- Opening Delimiter -

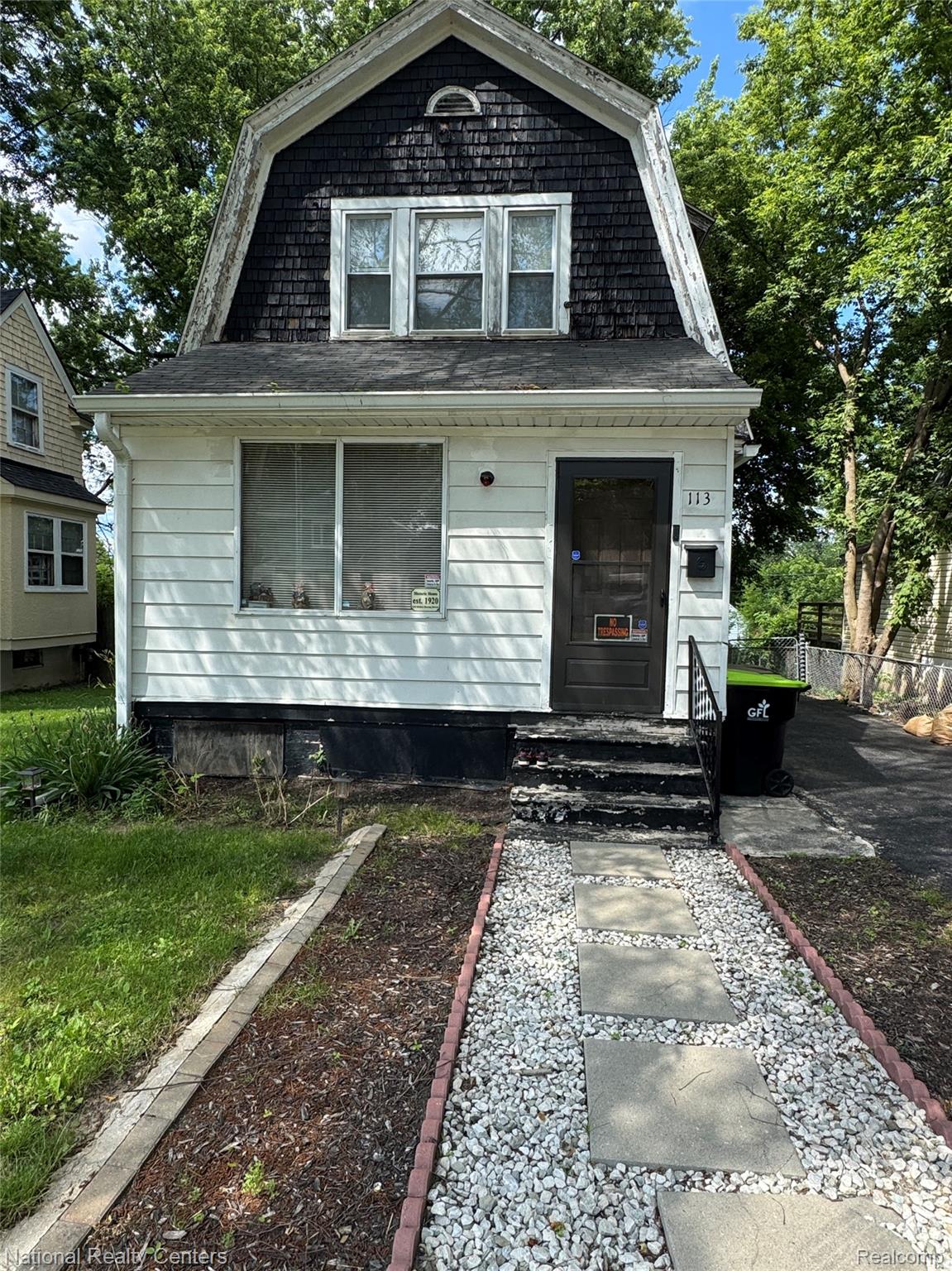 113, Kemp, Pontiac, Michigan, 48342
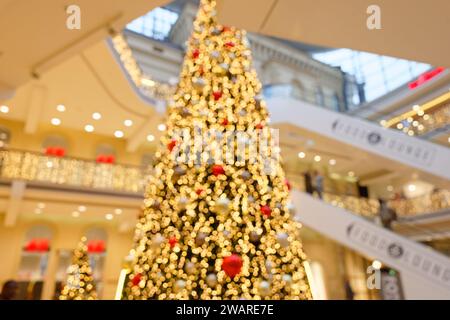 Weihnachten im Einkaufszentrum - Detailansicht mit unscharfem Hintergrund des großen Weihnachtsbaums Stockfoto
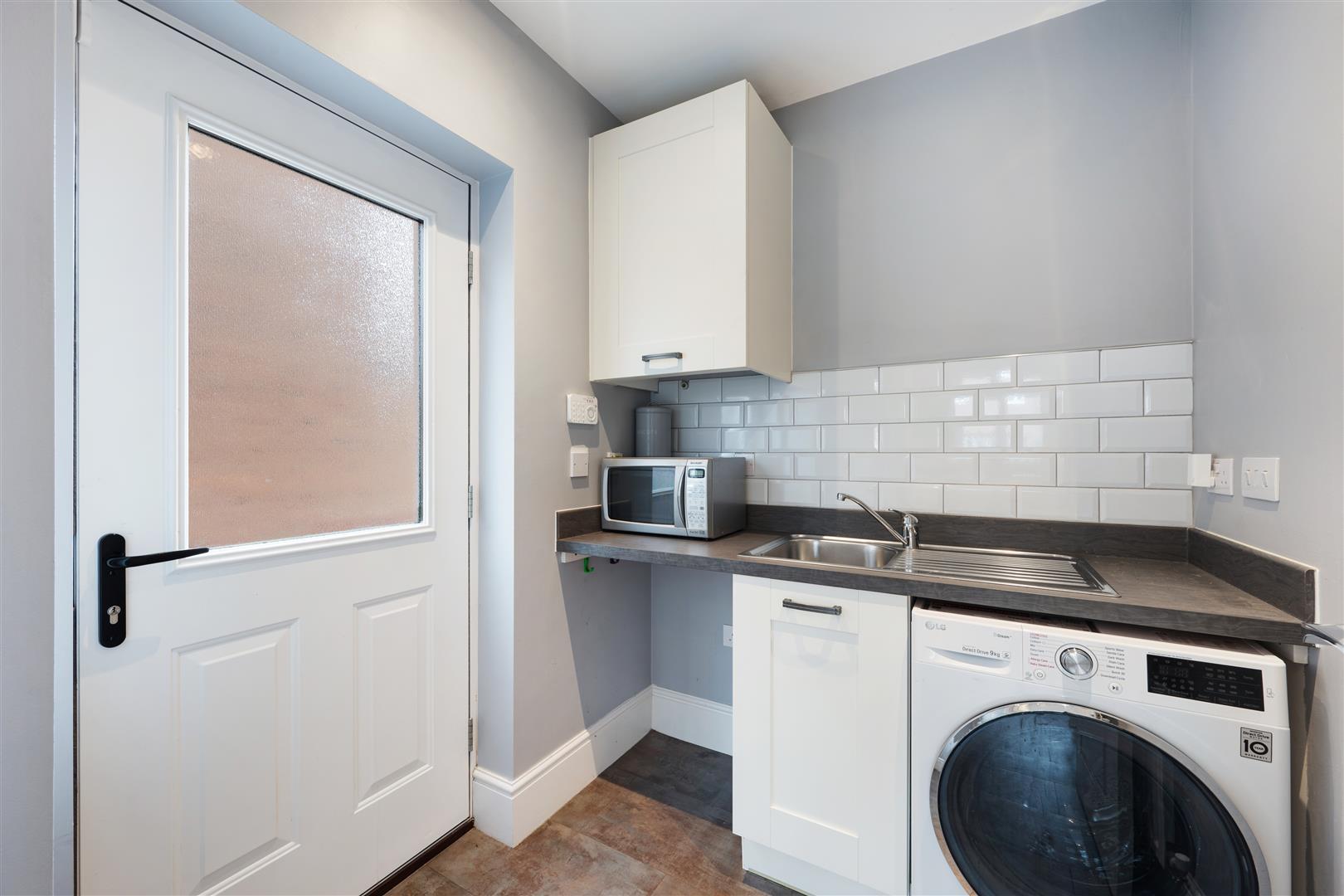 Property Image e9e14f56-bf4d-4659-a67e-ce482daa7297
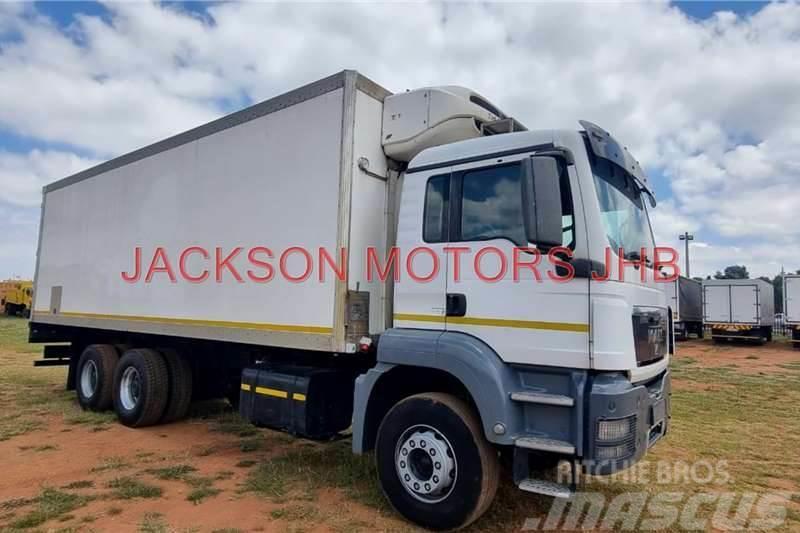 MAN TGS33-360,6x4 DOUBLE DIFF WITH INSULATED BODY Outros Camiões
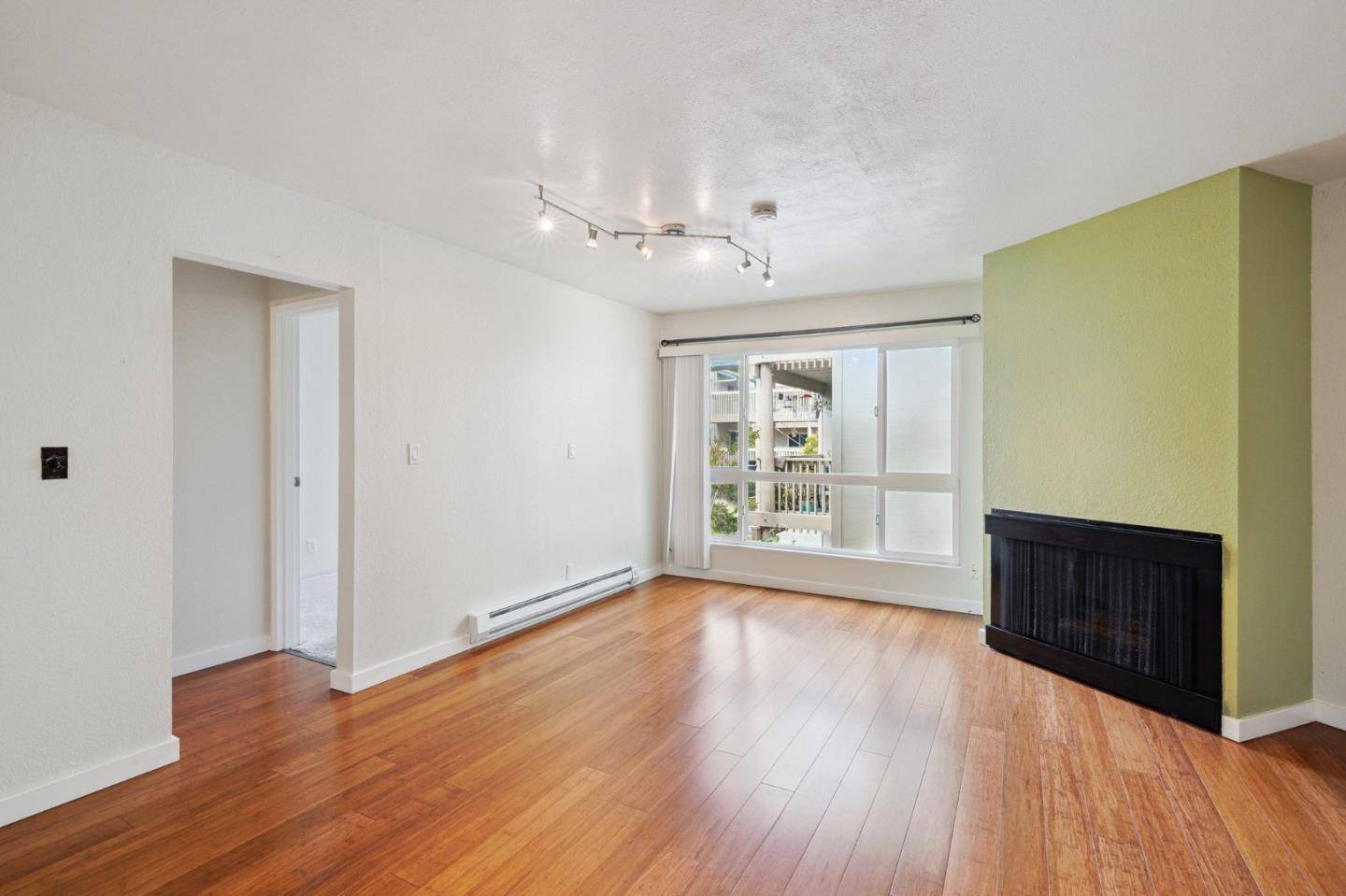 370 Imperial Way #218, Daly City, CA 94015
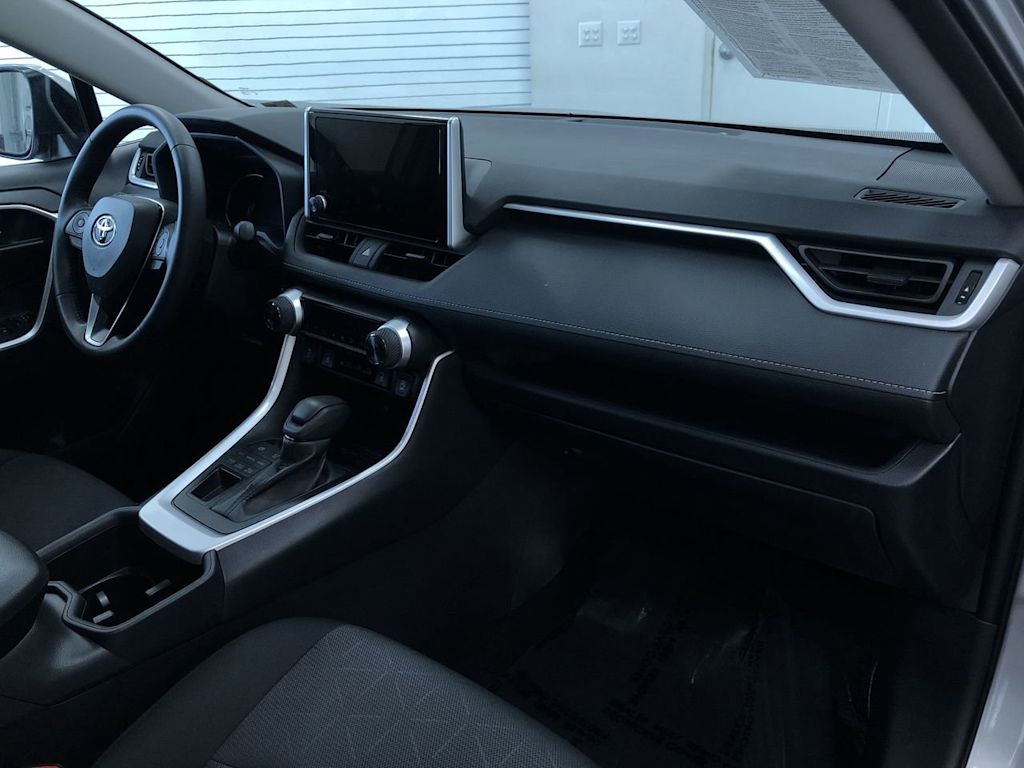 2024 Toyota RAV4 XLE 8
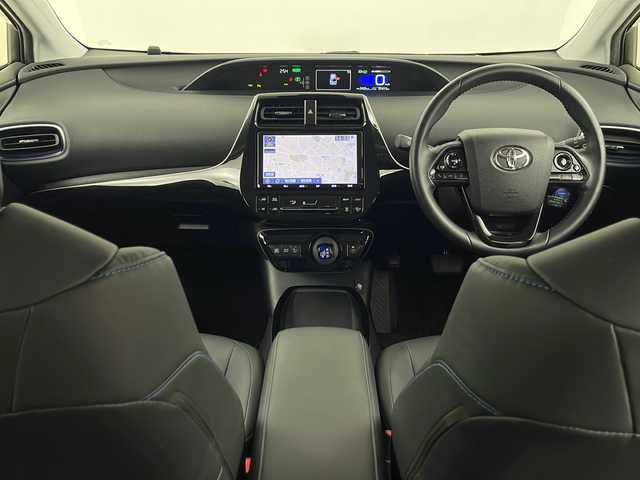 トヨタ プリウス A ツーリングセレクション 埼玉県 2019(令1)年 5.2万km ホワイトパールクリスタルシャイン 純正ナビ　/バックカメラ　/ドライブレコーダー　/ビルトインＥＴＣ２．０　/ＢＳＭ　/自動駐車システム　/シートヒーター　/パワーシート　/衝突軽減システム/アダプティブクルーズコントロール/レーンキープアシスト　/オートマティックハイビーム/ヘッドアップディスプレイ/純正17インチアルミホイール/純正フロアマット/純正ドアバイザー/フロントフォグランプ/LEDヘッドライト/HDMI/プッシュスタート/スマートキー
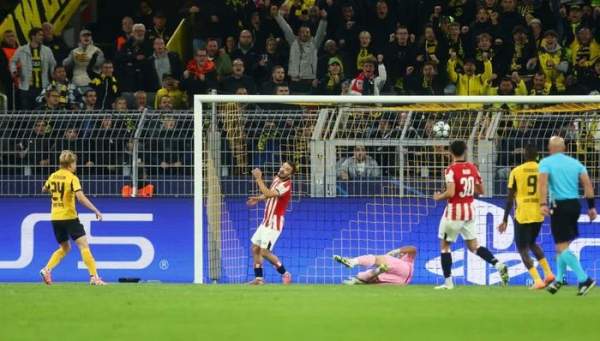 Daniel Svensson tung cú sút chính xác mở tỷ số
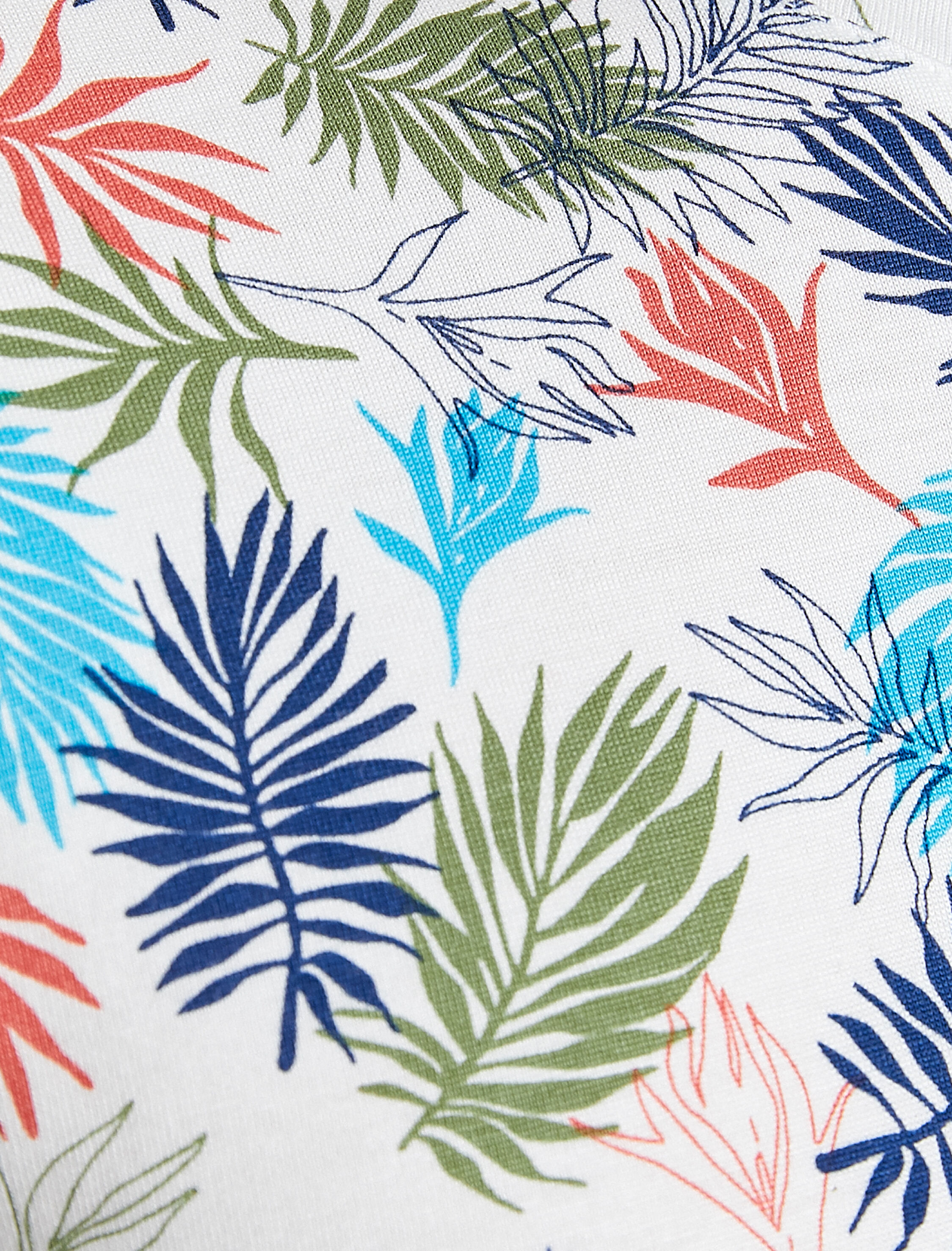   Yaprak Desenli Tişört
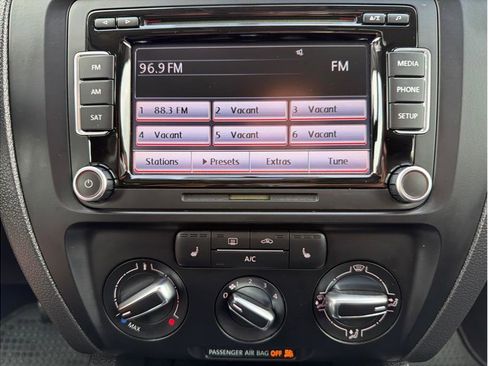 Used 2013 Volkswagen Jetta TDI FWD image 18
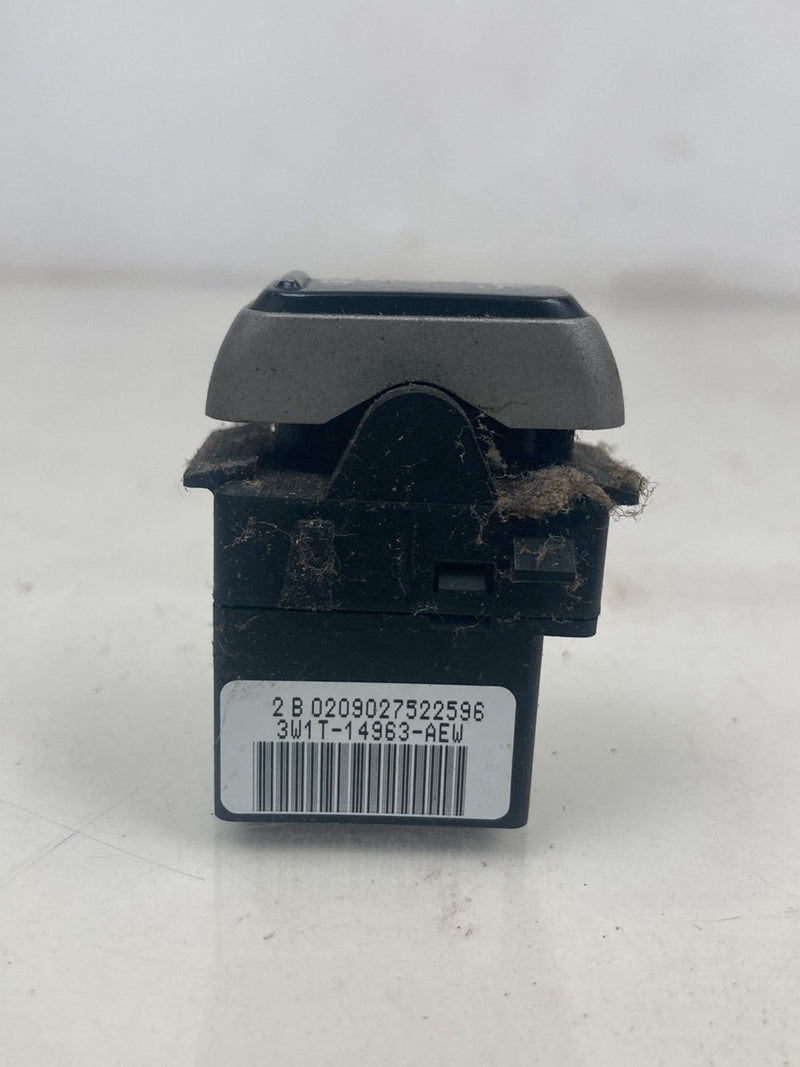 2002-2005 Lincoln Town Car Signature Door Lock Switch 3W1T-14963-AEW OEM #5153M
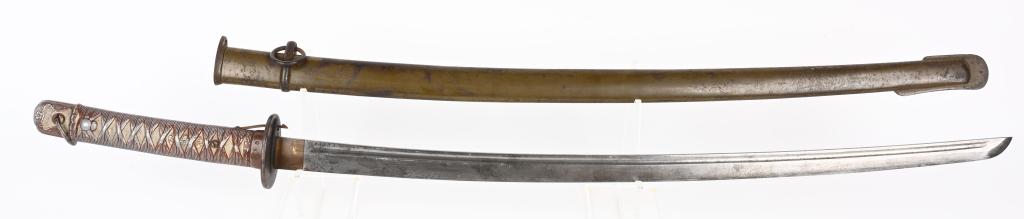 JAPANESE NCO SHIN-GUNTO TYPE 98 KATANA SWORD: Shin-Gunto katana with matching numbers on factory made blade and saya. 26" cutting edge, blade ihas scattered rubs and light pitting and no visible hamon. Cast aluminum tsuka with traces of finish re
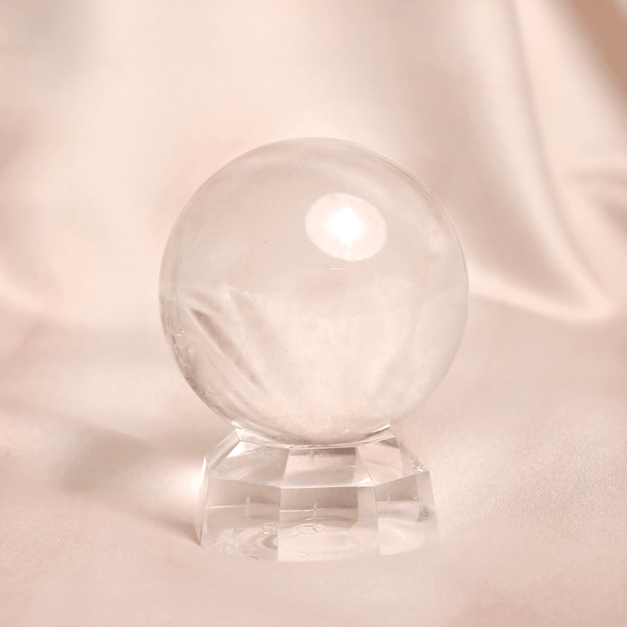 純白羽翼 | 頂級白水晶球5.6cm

- Closing Delimiter -

Assignment:
Print an exact copy of the lines above, from the one containing "Used 2013 Volkswagen Jetta TDI FWD image 18" through the one containing "2002-2005 Lincoln Town", and leave out the pictures.

Result for this task:
 Used 2013 Volkswagen Jetta TDI FWD image 18
 2002-2005 Lincoln Town Car Signature Door Lock Switch 3W1T-14963-AEW OEM #5153M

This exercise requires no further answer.